START Material provided

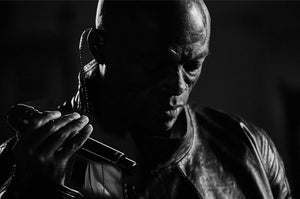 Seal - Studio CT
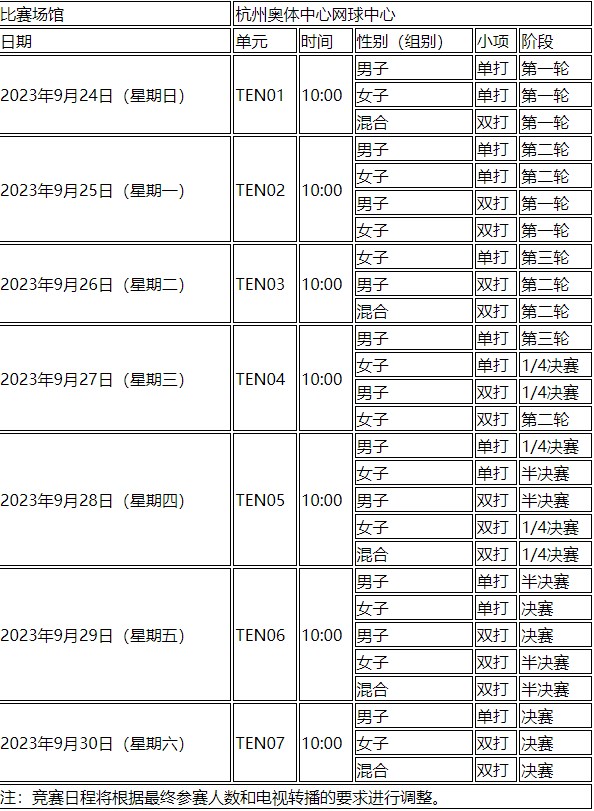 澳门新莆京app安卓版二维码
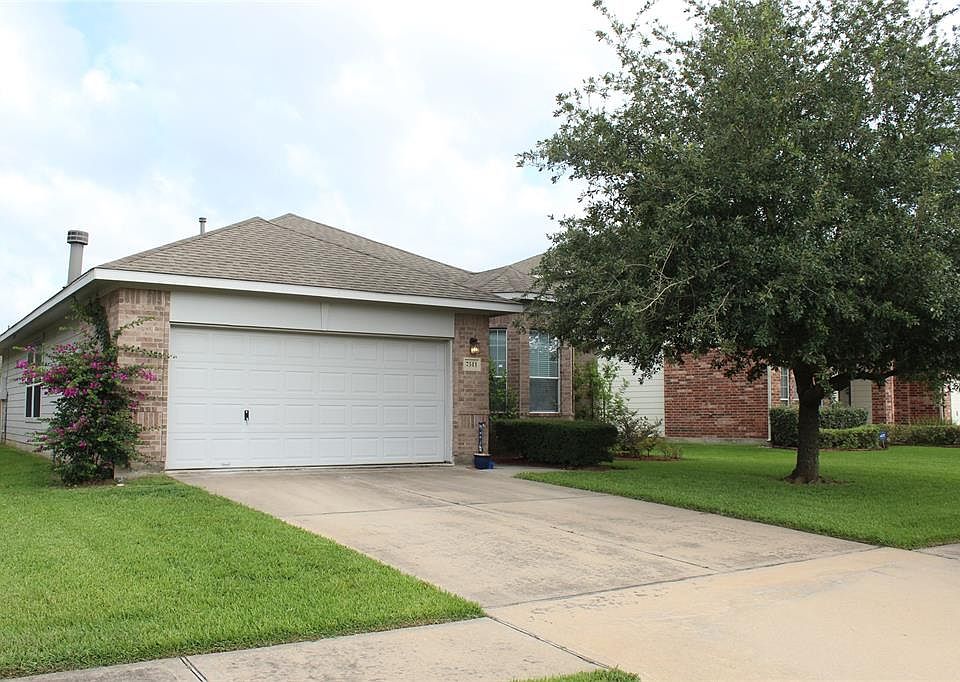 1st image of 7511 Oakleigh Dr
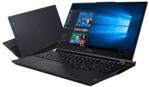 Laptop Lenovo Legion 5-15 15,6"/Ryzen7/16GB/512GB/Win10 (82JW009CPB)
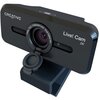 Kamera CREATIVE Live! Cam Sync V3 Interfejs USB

END Material provided

### [Exercise prompt]
Everything from the line with "澳门新莆京app安卓版二维码" through the final line of the records above should be written out exactly, minus the pictures.

### [Task result]
 澳门新莆京app安卓版二维码
 1st image of 7511 Oakleigh Dr
 Laptop Lenovo Legion 5-15 15,6"/Ryzen7/16GB/512GB/Win10 (82JW009CPB)
 Kamera CREATIVE Live! Cam Sync V3 Interfejs USB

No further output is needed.